Full Year 2014 Financial and Operating
Results
Significant results from continuing operations for full year
2014:
- Adjusted EBITDA of $120.9 million, compared to $119.8 million
attributable to the Upstream business for full year 2013.
- Distributable Cash Flow of $42.4 million, compared to $47.8
million attributable to the Upstream business for full year
2013.
- Net Loss of $139.9 million, driven largely by impairment
charges primarily related to the impact of lower commodity prices
on the Partnership's oil and gas reserves, mainly in the Golden
Trend, Anadarko and Big Escambia Creek areas.
- Drilled and completed 10 gross (8.6 net) operated wells and
participated in 15 gross (1.7 net) non-operated wells in the
Mid-Continent region, and drilled and completed 2 gross (1.3 net)
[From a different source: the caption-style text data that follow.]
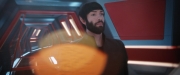 Filename=extant_StarTrekDiscovery_2x14-SuchSweetSorrowPart2_07227.jpg
Filesize=119KiB
Dimensions=1920x800
Date added=Dec 09, 2019 extant_StarTrekDiscovery_2x14-SuchSweetSorrowPart2_07227.jpg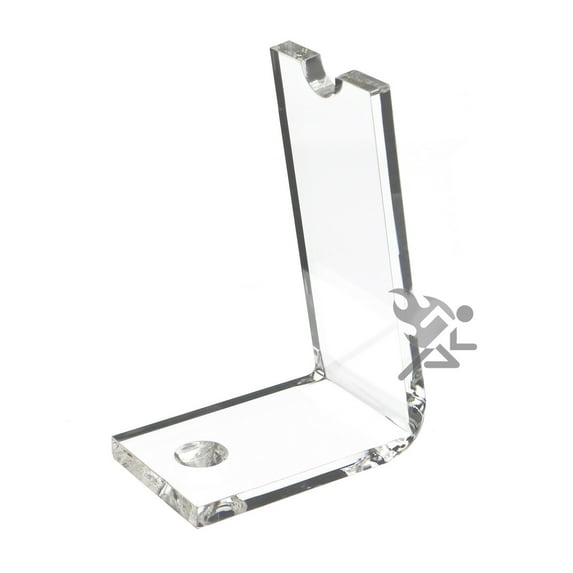 Pen & Spoon Display Stand Easel, Qty: 1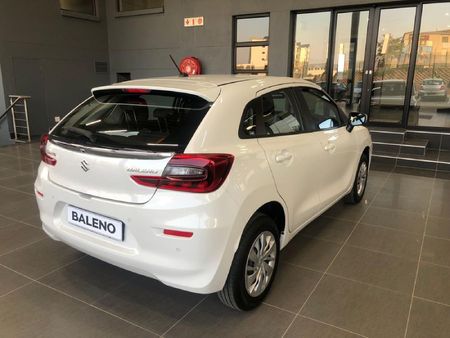 2025-Suzuki-Baleno-15-GL_5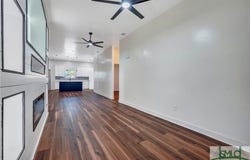 801 W 50th Street, Savannah, GA 31405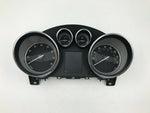 2015-2017 Buick Verano Speedometer Instrument Cluster OEM J02B17003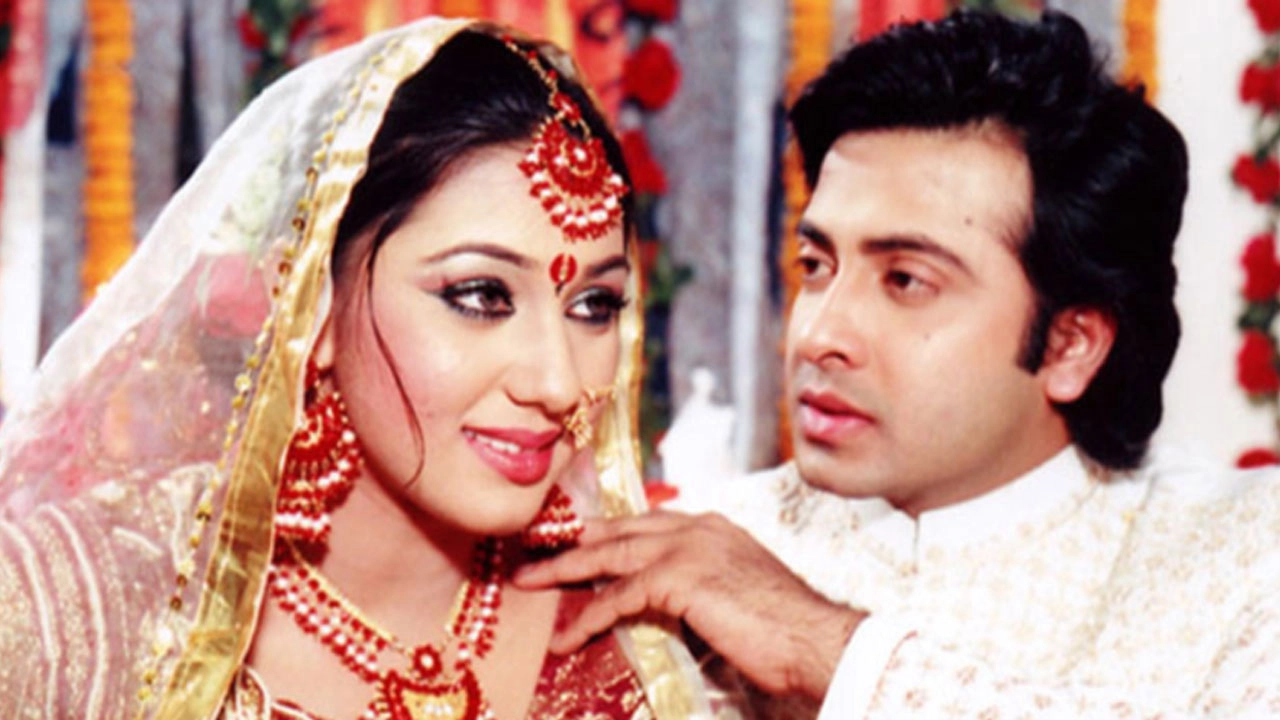 ছবি সংগৃহীত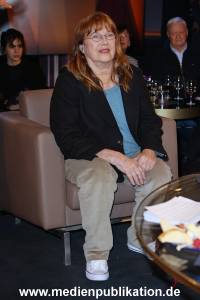 NDRTalkshow 02122022 085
operated wells in the Alabama region. Additionally, conducted
15 gross (12.6 net) workovers and 7 gross (4.7 net)
recompletions.
- Total production was 26.8 Bcfe, compared to 27.1 Bcfe for full
year 2013. Average daily production was 73.5 MMcfe/d, compared to
74.2 MMcfe/d for full year 2013.
- Oil production increased 7% year over year from 1.2 MMBbl to
1.3 MMBbl
- NGL production was flat year over year at 1.2 MMBbl
- Natural gas production decreased 6% year over year from 12.8
Bcf to 12.0 Bcf
- Overall production was impacted by severe weather in early 2014
and third party plant and pipeline curtailments in our Permian and
Mid-Continent operations in Q2 and Q4.
- NGL and gas production were impacted by third party operational
interference on two wells in the Mid-Continent region and delays in
timing of well completions in Alabama and the Mid-Continent.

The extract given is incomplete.